Short web captions:
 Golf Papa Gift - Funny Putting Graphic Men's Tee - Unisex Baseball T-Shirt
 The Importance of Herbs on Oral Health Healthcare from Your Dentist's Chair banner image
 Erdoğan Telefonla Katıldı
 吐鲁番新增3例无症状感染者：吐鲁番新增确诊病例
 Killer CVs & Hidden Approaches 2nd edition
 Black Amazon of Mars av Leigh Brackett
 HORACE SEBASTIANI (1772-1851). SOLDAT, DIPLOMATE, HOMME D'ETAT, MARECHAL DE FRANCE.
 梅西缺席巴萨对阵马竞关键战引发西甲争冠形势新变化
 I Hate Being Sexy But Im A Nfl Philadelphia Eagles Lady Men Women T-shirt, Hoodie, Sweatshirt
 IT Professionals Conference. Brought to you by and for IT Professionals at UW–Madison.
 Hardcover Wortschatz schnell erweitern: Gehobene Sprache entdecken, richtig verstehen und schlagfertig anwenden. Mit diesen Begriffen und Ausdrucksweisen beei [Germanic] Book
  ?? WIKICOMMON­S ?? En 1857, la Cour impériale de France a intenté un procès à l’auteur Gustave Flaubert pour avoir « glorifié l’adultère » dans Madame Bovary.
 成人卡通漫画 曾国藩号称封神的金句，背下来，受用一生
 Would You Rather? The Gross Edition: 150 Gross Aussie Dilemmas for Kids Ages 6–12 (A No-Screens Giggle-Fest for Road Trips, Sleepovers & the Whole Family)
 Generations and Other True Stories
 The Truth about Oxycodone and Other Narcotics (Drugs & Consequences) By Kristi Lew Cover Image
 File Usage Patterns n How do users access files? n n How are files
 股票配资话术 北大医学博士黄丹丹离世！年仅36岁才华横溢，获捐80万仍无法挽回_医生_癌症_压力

### PROBLEM TO WORK ON
From the records above, print exactly the lines that run from the line with "Black Amazon of Mars av Leigh Brackett" to the line with "Generations and Other True Stories", inclusive.

### ANSWER AREA
 Black Amazon of Mars av Leigh Brackett
 HORACE SEBASTIANI (1772-1851). SOLDAT, DIPLOMATE, HOMME D'ETAT, MARECHAL DE FRANCE.
 梅西缺席巴萨对阵马竞关键战引发西甲争冠形势新变化
 I Hate Being Sexy But Im A Nfl Philadelphia Eagles Lady Men Women T-shirt, Hoodie, Sweatshirt
 IT Professionals Conference. Brought to you by and for IT Professionals at UW–Madison.
 Hardcover Wortschatz schnell erweitern: Gehobene Sprache entdecken, richtig verstehen und schlagfertig anwenden. Mit diesen Begriffen und Ausdrucksweisen beei [Germanic] Book
  ?? WIKICOMMON­S ?? En 1857, la Cour impériale de France a intenté un procès à l’auteur Gustave Flaubert pour avoir « glorifié l’adultère » dans Madame Bovary.
 成人卡通漫画 曾国藩号称封神的金句，背下来，受用一生
 Would You Rather? The Gross Edition: 150 Gross Aussie Dilemmas for Kids Ages 6–12 (A No-Screens Giggle-Fest for Road Trips, Sleepovers & the Whole Family)
 Generations and Other True Stories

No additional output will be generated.